Multi-Agent Reinforcement Learning (MARL) extends the RL framework to environments where multiple agents interact, each potentially learning and adapting simultaneously. In MARL, agents may cooperate, compete, or both, adding complexity to the learning process. Understanding MARL is crucial for developing systems where multiple autonomous entities need to operate in shared environments, such as swarm robotics, autonomous driving, and distributed control systems.
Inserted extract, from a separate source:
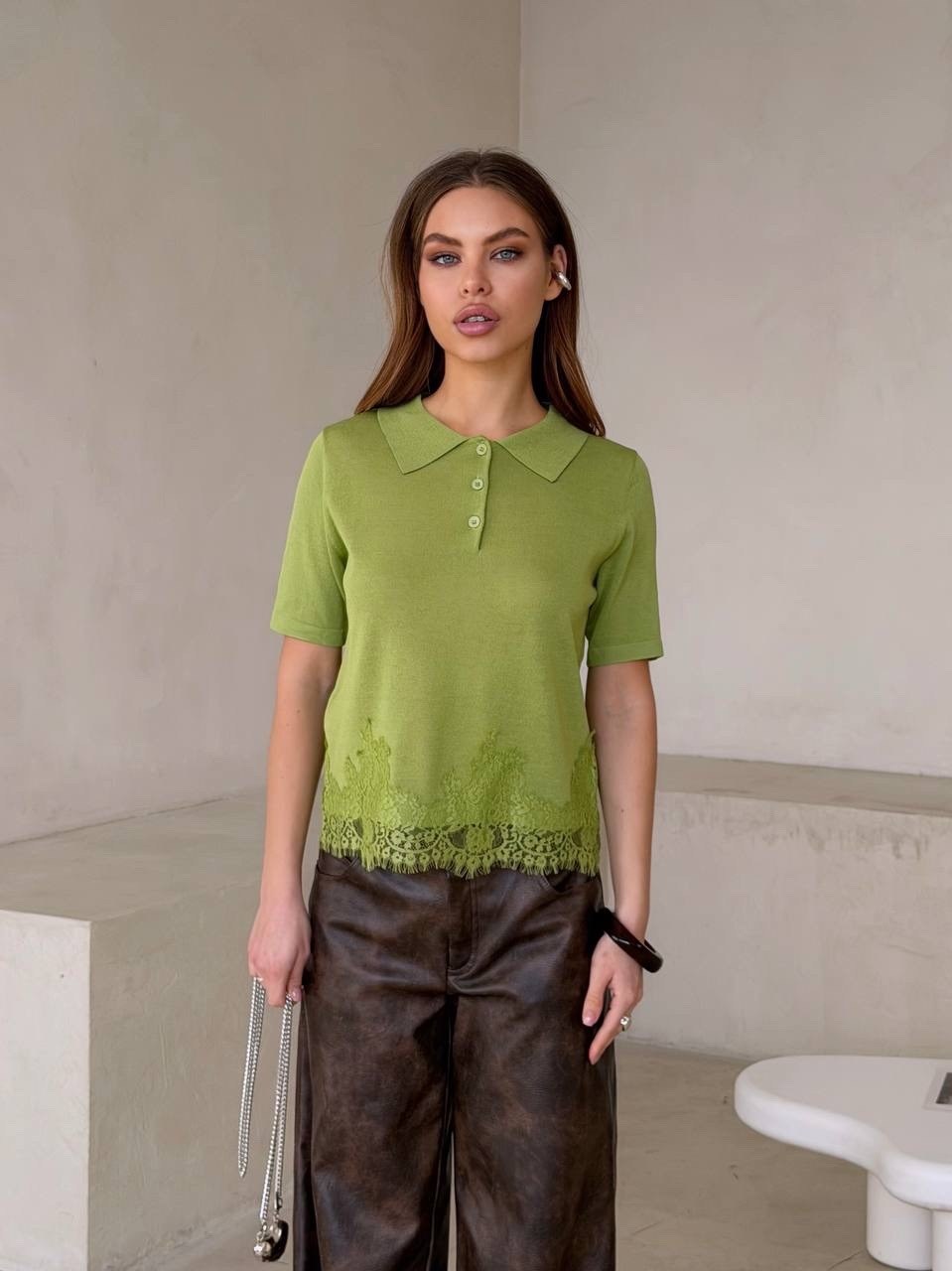 кофта поло,женская кофта,вязаные джемпера,джемпер,женский свитер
## 1. From Single-Agent MDP to Multi-Agent Markov Game

### Markov Decision Process (MDP)

In the Markov decision process (MDP) formalization of reinforcement learning, a single adaptive agent interacts with an environment with the objective of maximizing the expected cumulative reward over time. The framework is defined as:

$$
\mathcal{M} = (\mathcal{S}, \mathcal{A}, \mathcal{P}, r, \gamma)
$$

$$
\begin{align}
\mathcal{S} &: \text{ States of the environment} \\
\mathcal{A} &: \text{ Actions set of the agent } \\
\mathcal{a} &: \text{ The action taken by the agent in state s } \\
\mathcal{P}(s' \mid s, a) &: \text{ Transition probability for reaching state } s' \text{ from } s \text{ after action } a \\
r(s, a) &: \text{ Reward for taking action } a \text{ in state } s \\
\gamma &: \text{ Discount factor, determining the importance of future rewards }
\end{align}
$$

The agent’s policy function $\pi(a \mid s)$ defines the probability of selecting action $(a)$ in state $(s)$, while the value function $V(s)$ represents the expected cumulative reward starting from $(s)$.

### Markov Game (MG)

In the Markov Game (MG) formalization of reinforcement learning, multiple adaptive agents interact within a shared environment. Each agent aims to maximize its expected cumulative reward, which may depend on the actions of other agents. It is defined as:

$$
\mathcal{M} = (\mathcal{N}, \mathcal{S}, \mathcal{A}, \mathcal{P}, \mathcal{R}, \gamma)
$$

$$
\begin{align}
\mathcal{N} &: \text{ Set of n agents } \\
\mathcal{S} &: \text{ States of the shared environment} \\
\mathcal{A} &: \text{ The action set, where each } A_i \text{ is the action set of agent } i \in N \\
a = (a_1, a_2, ..., a_n) &: \text{ The joint action taken by all agents in state } s \\
P(s' \mid s, a) &: \text{ The transition probability function, returning the probability of transitioning to state } s' \\
&\quad \text{ given state } s \text{ and joint actions } A_t \\
R_i(s, a) &: \text{ The reward function of agent } i, \text{ mapping states and joint actions to rewards } \\
R &: \text{ The set of reward functions } R = \{R_1, \dots, R_N\}. \\
\gamma &: \text{ Discount factor, determining the importance of future rewards }
\end{align}
$$

The policy function for agent \(i\) is extended to a joint policy function for all agents, defined as:

$$
\boldsymbol{\pi}(\mathbf{a} \mid s) = \prod_{i=1}^N \pi_i(a_i \mid s),
$$

The value function for agent \(i\) is similarly extended to incorporate the joint policy and joint actions, defined as:

$$
V_i(s) = \mathbb{E}_{\boldsymbol{\pi}} \left[ \sum_{t=0}^\infty \gamma^t \mathcal{R}_i(s_t, \mathbf{a}_t) \mid s_0 = s \right].
$$

In the case of zero-sum games, the value function satisfies:

$$
V_1(s) = -V_2(s),
$$

indicating that the gain of one agent is the loss of the other. In cooperative settings, the value function may represent a shared cumulative reward:

$$
V(s) = \sum_{i=1}^N V_i(s),
$$

capturing the collective outcome of all agents acting together.